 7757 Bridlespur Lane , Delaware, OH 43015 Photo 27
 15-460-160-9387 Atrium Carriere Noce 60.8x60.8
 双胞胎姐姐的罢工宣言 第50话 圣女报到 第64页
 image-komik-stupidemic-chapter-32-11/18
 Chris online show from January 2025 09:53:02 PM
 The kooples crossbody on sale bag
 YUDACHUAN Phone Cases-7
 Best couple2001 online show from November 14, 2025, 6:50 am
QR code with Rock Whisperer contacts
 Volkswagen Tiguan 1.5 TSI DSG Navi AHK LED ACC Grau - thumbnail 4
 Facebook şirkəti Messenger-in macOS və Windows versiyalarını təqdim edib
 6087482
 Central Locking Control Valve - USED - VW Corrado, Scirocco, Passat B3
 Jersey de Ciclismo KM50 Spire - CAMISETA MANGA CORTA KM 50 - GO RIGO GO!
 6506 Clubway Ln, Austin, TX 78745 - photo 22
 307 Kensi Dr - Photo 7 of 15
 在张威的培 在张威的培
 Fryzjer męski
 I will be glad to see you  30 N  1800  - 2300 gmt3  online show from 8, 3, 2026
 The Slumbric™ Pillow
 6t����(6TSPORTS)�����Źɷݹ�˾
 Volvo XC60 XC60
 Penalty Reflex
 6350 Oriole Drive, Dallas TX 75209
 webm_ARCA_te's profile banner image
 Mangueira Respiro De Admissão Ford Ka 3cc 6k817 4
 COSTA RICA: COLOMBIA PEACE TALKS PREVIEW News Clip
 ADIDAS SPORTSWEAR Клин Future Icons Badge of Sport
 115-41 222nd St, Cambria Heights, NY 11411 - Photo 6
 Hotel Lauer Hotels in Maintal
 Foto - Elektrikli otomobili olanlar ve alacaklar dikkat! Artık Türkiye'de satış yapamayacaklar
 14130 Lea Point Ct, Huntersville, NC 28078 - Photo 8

────

State the number of lines in the data that carry "online", and add nothing to it.

■ **RESULT OF THE EXERCISE**: 3